Both areas feature high rise apartment buildings and lofts, which often come at a staggering cost for their convenience. Some apartments in LoDo, especially around the ballpark, have a reputation for a younger party crowd.
The CBD is where all the business happens. The 16th Street Mall, an outdoor promenade of shopping and dining, connects the Central Business District with LoDo via a free mall bus ride. This complimentary RTD service picks up and drops off passengers on every block, heading both north and south on 16th. It starts close to the Colorado State Capitol building and ends in LoDo at Union Station.
LoDo is Denver’s most popular nightlife spot with many bars and restaurants radiating from Larimer Square and Union Station up to Coors Field. Recently refurbished Union Station has excellent restaurants, bars, and even a hotel inside. And if you want to catch a baseball game, Coors Field is right up the road from Union Station.
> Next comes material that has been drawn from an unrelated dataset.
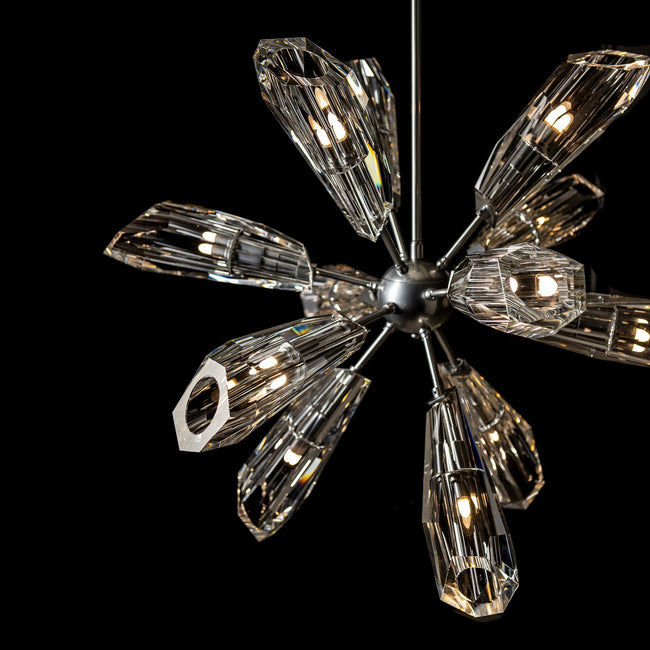 Hubbardton Forge-131321-SKT-MULT-85-CR|ALT|6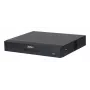 Skaitmeninis vaizdo registratorius DAHUA XVR5108HS-4KL-I3/T — 8 kanalų DVR, H.265/H.264, SATA iki 16 TB, Gigabit Ethernet, 12 V DC, juodas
Best Denver Neighborhoods: Five Points
Five Points neighbors LoDo to the south and Uptown to the southeast around 20th Avenue. The South Platte River marks the north and west end and Downing Street marks the east. Five Points includes the neighborhoods of Rive North (RiNo), Ballpark, and Curtis Park.
A lot is happening in Five Points, with construction on Brighton Boulevard, Larimer and Welton. As the latest booming part of Denver, it’s where many new restaurants, bars, art galleries, and music venues in Denver have been popping up in the last couple of years. Throughout much of the twentieth century, it was also the center of Denver’s jazz scene and African-American community. Each year they honor this heritage at the Five Points Jazz Festival.
The Larimer Lounge and the newly built Mission Ballroom are great area music venues in the area. And a local partnership including basketball great and Denver’s own Chauncey Billups is working to refurbish the historic Rossonian Hotel. The hotel fell into disrepair over the years, but is an incredible part of Denver’s African-American and jazz history.
Apartment buildings and townhomes seemed to be a big focus in 2019, but there are many single-family homes in the area as well.
Best Denver Neighborhoods: Golden Triangle
The Golden Triangle is shaped just like it sounds. To the north, it’s bordered by Colfax Avenue. The west is bordered by the diagonal Speer Boulevard. It ends where Broadway to the east intersects with Speer Boulevard in the south.
The Denver Art Museum, Denver Public Library and various government buildings define the urban community. There are many tall upscale apartments newly built and still under construction in the Golden Triangle. If you want to see construction cranes in Denver these days, it’s a good bet that a large number of them are in the Golden Triangle. There’s also a good share of places to eat and drink within the community, with the hub being on Broadway. Additionally Sunken Gardens Park across Speer is one of the larger and better parks in Denver.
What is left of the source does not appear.